> **Task to complete**:
Using the entries below, write out the line with "4633 E GLENEAGLE Dr, Chandler, AZ 85249", the line with "Niky Long online", and every line in between, exactly as each is written.

> **Source information**:
=== Section Start ===

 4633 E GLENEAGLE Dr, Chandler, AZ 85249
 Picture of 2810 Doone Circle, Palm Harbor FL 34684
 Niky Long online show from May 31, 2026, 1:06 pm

=== Section End ===
=== Section Start ===

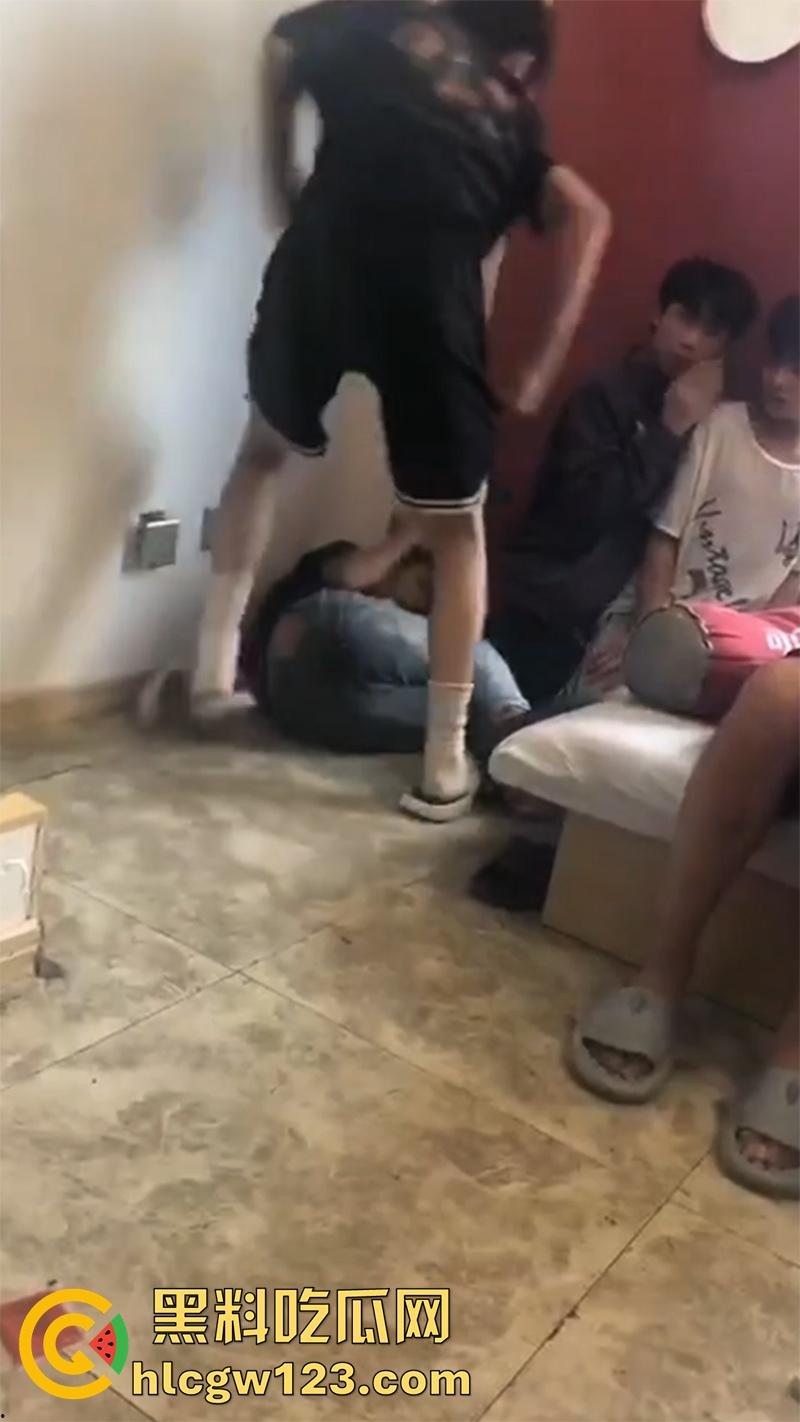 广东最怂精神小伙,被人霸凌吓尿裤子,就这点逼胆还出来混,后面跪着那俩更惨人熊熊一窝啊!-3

=== Section End ===
=== Section Start ===

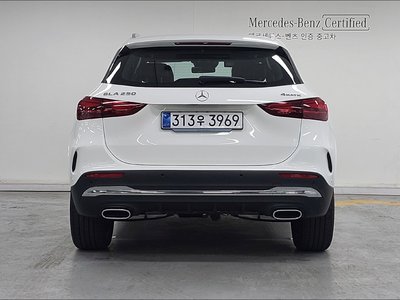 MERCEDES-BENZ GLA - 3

=== Section End ===

> **Your response**:
 4633 E GLENEAGLE Dr, Chandler, AZ 85249
 Picture of 2810 Doone Circle, Palm Harbor FL 34684
 Niky Long online show from May 31, 2026, 1:06 pm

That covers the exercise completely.